Records supplied -
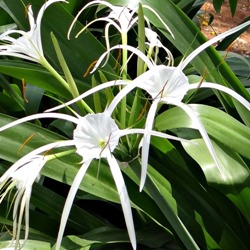 Hymenocallis (Peruvian Daffodil)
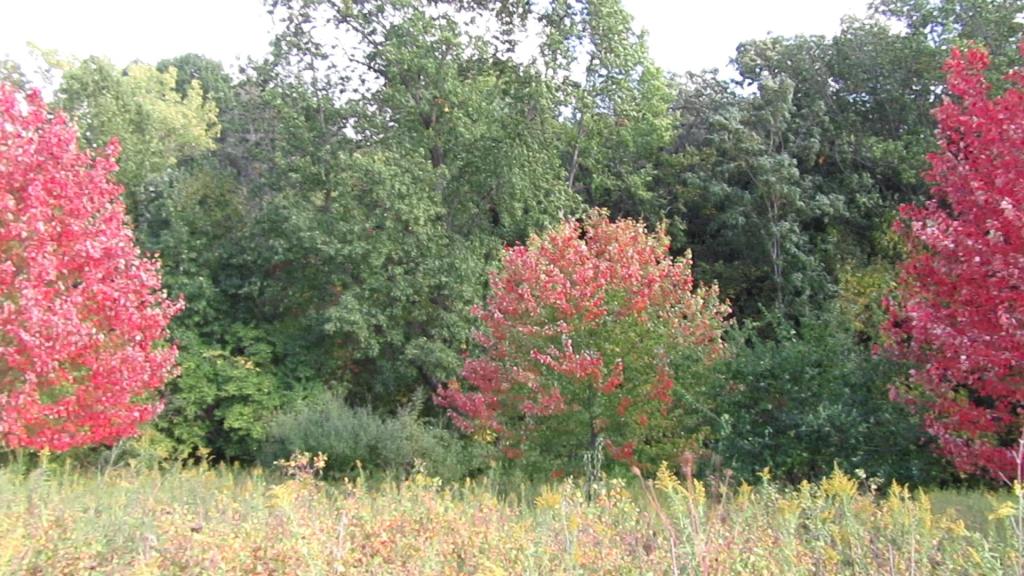 Thankful for Peaceful Fall Days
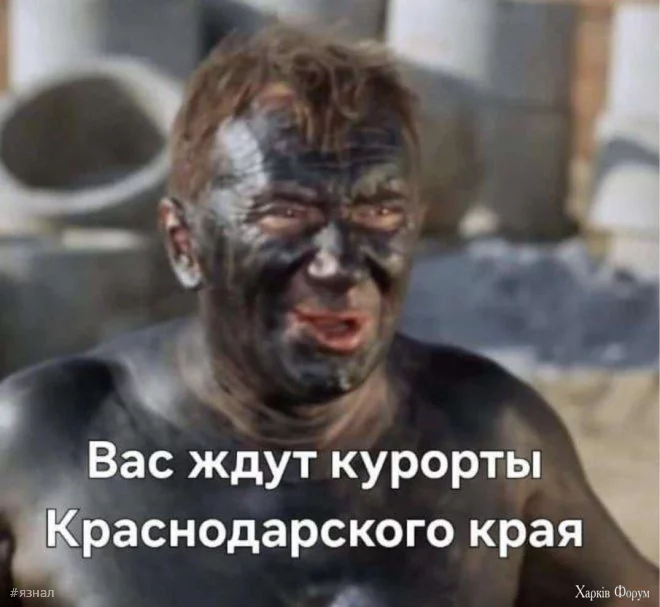 1745107929186.webp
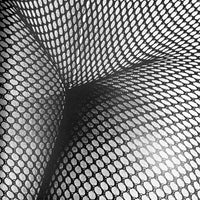 (Daido Moriyama)(Tights in Shimotakaido)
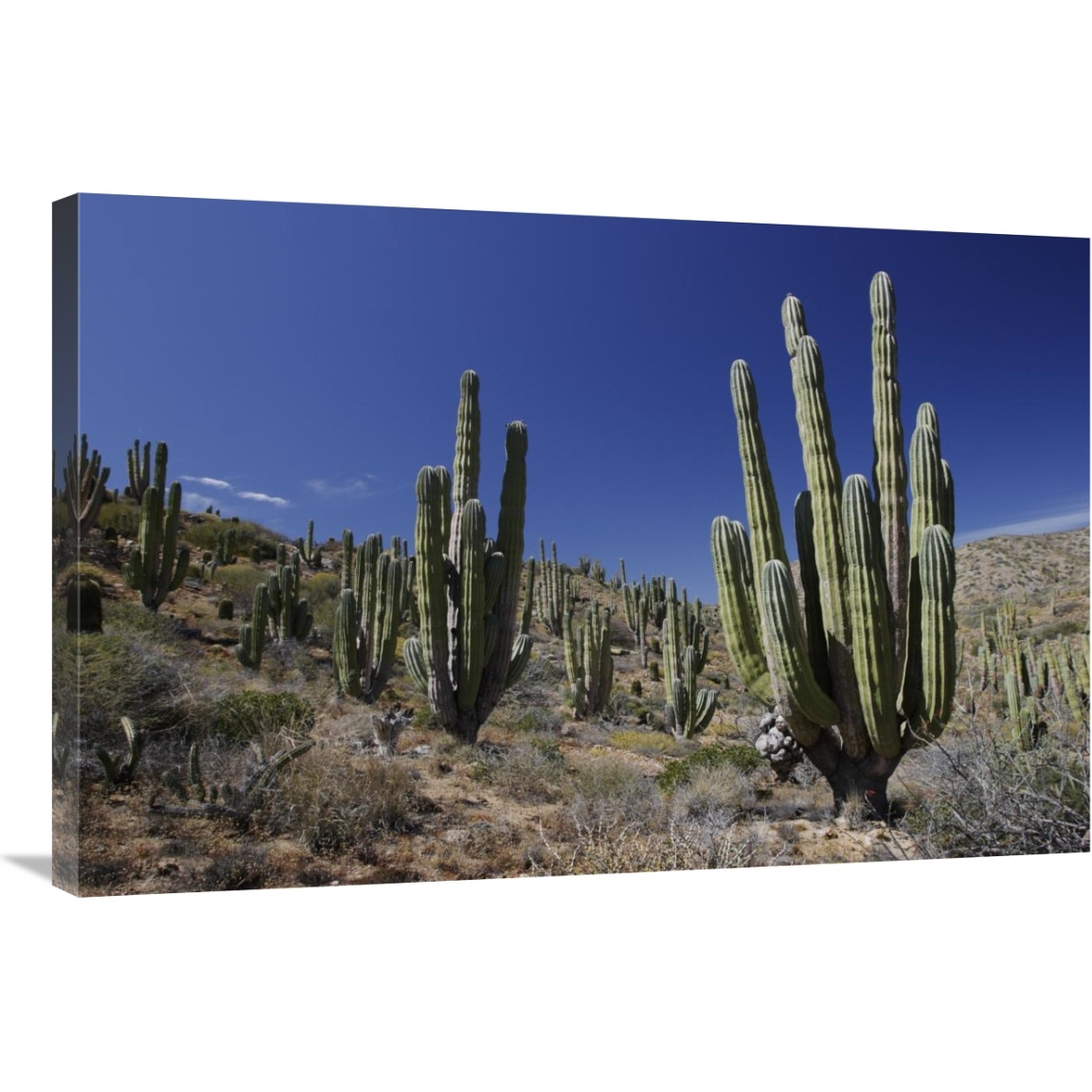 Cardon cacti in desert landscape, Santa Catalina Island, Mexico-Canvas Art-36&quotx24"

What you will do -
Please transcribe all of the records above exactly, leaving out any pictures.

Written solution -
 Hymenocallis (Peruvian Daffodil)
 Thankful for Peaceful Fall Days
 1745107929186.webp
 (Daido Moriyama)(Tights in Shimotakaido)
 Cardon cacti in desert landscape, Santa Catalina Island, Mexico-Canvas Art-36&quotx24"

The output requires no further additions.